** Source data follows **

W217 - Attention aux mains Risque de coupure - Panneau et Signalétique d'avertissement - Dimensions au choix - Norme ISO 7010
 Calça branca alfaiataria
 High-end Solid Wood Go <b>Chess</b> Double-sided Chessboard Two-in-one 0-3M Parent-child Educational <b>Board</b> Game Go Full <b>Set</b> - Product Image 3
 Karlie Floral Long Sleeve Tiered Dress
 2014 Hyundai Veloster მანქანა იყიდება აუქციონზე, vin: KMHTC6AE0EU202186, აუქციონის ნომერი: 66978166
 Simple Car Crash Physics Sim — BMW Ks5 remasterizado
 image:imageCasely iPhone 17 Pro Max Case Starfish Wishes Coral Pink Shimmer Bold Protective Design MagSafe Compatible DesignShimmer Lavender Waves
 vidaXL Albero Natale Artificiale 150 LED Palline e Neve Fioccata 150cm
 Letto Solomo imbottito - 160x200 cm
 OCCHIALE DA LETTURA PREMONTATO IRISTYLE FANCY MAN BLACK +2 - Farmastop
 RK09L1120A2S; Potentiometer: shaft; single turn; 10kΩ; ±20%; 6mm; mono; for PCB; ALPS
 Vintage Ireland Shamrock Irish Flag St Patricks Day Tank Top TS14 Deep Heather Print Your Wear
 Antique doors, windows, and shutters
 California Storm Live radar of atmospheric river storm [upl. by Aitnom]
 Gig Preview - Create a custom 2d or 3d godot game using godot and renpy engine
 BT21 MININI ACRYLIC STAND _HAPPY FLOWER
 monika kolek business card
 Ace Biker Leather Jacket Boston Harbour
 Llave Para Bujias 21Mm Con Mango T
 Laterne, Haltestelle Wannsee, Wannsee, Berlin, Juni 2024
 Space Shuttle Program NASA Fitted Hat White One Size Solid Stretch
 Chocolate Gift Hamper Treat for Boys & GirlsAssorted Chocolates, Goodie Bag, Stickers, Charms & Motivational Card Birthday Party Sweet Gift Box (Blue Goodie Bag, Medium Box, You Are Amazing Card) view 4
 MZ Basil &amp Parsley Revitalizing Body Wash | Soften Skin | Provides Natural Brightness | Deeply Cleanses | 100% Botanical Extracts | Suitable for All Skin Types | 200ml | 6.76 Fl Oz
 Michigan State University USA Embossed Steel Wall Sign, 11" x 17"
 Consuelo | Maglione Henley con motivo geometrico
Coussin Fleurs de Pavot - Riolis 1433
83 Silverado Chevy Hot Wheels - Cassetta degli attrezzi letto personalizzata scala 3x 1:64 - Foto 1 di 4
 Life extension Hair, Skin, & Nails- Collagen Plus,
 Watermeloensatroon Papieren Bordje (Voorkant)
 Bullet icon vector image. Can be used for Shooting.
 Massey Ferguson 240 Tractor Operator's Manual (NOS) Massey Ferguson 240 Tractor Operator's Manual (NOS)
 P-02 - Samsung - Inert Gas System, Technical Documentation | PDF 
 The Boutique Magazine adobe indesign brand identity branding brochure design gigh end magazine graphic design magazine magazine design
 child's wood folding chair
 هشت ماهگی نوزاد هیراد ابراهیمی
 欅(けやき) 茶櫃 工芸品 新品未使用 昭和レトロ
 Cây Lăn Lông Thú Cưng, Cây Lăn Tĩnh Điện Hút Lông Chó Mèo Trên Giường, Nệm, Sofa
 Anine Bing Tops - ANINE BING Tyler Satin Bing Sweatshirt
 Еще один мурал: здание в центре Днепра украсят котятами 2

** End of Source data **

Every line above carrying the word "Skin" needs to be shown.

 MZ Basil &amp Parsley Revitalizing Body Wash | Soften Skin | Provides Natural Brightness | Deeply Cleanses | 100% Botanical Extracts | Suitable for All Skin Types | 200ml | 6.76 Fl Oz
 Life extension Hair, Skin, & Nails- Collagen Plus,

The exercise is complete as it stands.